The Space Shuttle Atlantis, undocked from the space station, hovers over Earth, September 19, 2006

Flotsam and jetsam in Earth orbit, most of it the residue from old satellite explosions, is so profuse that former astronaut John Glenn, on observing the sun glinting off the pieces, once likened it to flying through a cloud of lightning bugs. But given NASA's heightened safety awareness since the 2003 loss of Space Shuttle Columbia, one piece of debris — caught on video and measuring just 2 inches by 5 inches — was enough to cause another high-profile hitch in a series of operational setbacks for Space Shuttle Atlantis.

NASA on Wednesday cleared Atlantis to land in Florida at 6:21 a.m. Thursday — one day late — after astronauts performed two extra inspections of the shuttle's critical heat shield using a camera mounted atop the craft's 100-foot robotic arm and boom. No damage was found.

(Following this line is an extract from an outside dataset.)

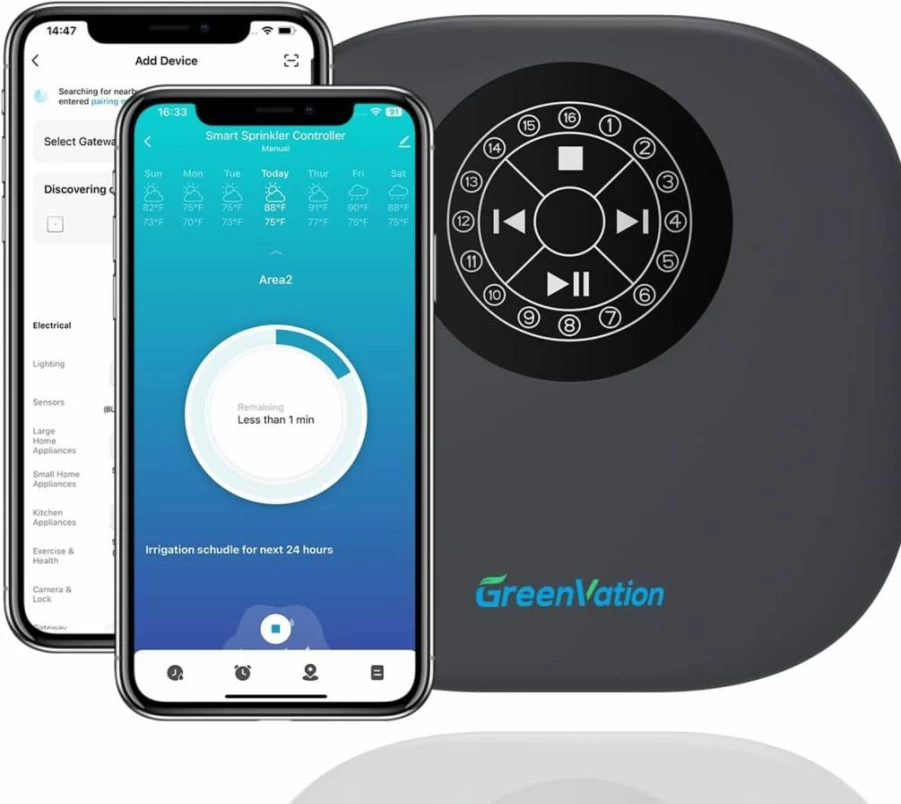 GreenVation Smart WiFi Sprinkler Controller Pro - 12-Zone Irrigation System with Water Pump & Rain Sensor, 2.4G/5GHz Outdoor Lawn/Garden/Yard Water Timer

The piece of junk trailing the shuttle, and several others seen floating by the shuttle's windows, might never be definitively identified. Astronauts described the objects variously as a plastic baggie, some copper wire, two ring-shaped items and a piece of foil or shimmering cloth. NASA is guessing the largest bit was a piece of pliable plastic used as a tile shim, which could have dropped off the shuttle during a test firing of the shuttle's maneuvering jets.

NASA officials say similar space junk has probably followed previous shuttles home, unnoticed and unscrutinized. But on a mission whose departure was beset by a fuel cell malfunction, a lightning strike on the launch pad and an approaching hurricane, the delay caused by the debris threatened to mar what has otherwise been a successful mission. After a four-year delay following the destruction of Space Shuttle Columbia, astronauts have finally resumed the construction of the International Space Station, installing 35,000 pounds of solar arrays and trusses. Fourteen more missions are needed to finish the job by 2010, when the shuttle will be retired.

"With each of these missions that are coming up, you're going to see more of the same awe-inspiring activities. And surrounding those awe-inspiring activities are going to be a lot of tedium and detail," says Elliot Pulham, CEO of the Space Foundation. "There's a lot of tedium and detail in this and I think we're just seeing a lot more of it than we have in the past." With tens of millions of bits of space junk orbiting Earth — including 11,000 larger than 10 centimeters in size — more such encounters with the shuttle are hardly out of the question. Occasionally in the past, the shuttle has had to dodge a significant piece heading its way. Although most of the junk eventually burns up in the atmosphere, an average of one piece of space debris a day actually makes it back for a landing on Earth.